1

I have a scrapy bot that runs from a script,My problem is:After the spyder has finished crawling,the program does not end,so basically the program runs for ever until I manually shut it down,now this spyder is part of a bigger program so i cannot afford to shut it down like that as other processes havent happened.So how do i shut it down safely. i have already surfed stackoverflow and other forums for this and i got this and this,the first one is totally not usable,trust me,i have tried,the second one looked promising but for some reason,close spider doesnt seem to close my spider when i get the signal spider closed

Here is the bot:

def pricebot(prod_name):
  class PriceBot(scrapy.Spider):
    name = 'pricebot'
    query = prod_name
    if query.find(' ') is not -1:
        query = query.replace(' ', '-')
    start_urls = ['http://www.shopping.com/'+query+'/products?CLT=SCH']

    def parse(self, response):

        prices_container = response.css('div:nth-child(2) > span:nth-child(1) > a:nth-child(1)')
        t_cont = response.css('div:nth-child(2)>h2:nth-child(1)>a:nth-child(1)>span:nth-child(1)')
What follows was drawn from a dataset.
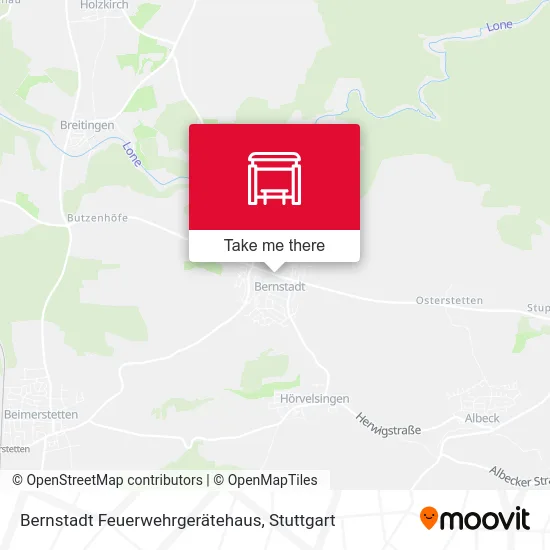 Карта Bernstadt Feuerwehrgerätehaus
        title = t_cont.xpath('@title').extract()
        price = prices_container.xpath('text()').extract()
        #Sanitise prices results
        prices = []
        for p in price:
            prices.append(p.strip('\n'))
        #Grouping Prices To Their Actual Products
        product_info = dict(zip(title, prices))
        with open('product_info.json','w') as f:
            f.write(json.dumps(product_info))
process = CrawlerProcess({
'USER_AGENT': 'Mozilla/4.0 (compatible; MSIE 7.0; Windows NT 5.1)'
})

process.crawl(PriceBot)
process.start() 

After it is done,i need to do other things,call 3 other functions to be exact

silverhash
  • 880
  • 8
  • 21
  • Show us your code – Umair Ayub Oct 31 '17 at 07:17
  • Why are you declaring that spider inside a function? Move that elsewhere and pass it an argument instead... Regarding the program not finishing I imagine if you're managing the spiders then you want to keep a reference to the main reactor and shut that down. You'll need to show the other relevant code of how you're managing spiders here... – Jon Clements Oct 31 '17 at 07:46
  • Its in a function because it doesnt just happen,it should only happen when it is required,specifically when a user clicks a button.Passing it an argument seems great,could you elaborate on how i could do that?? – silverhash Oct 31 '17 at 07:51
  • That is all the code i have for the spider mate – silverhash Oct 31 '17 at 07:52

0 Answers0